## TASK GOAL
The line containing "14 Death Blow" marks the start; repeat it and every following line exactly through the end of the entries.

· · ·

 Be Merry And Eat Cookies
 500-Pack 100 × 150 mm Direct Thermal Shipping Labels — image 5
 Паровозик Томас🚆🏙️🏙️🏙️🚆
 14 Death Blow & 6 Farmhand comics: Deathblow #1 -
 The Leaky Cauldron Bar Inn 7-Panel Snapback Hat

· · ·

## EXERCISE OUTPUT
 14 Death Blow & 6 Farmhand comics: Deathblow #1 -
 The Leaky Cauldron Bar Inn 7-Panel Snapback Hat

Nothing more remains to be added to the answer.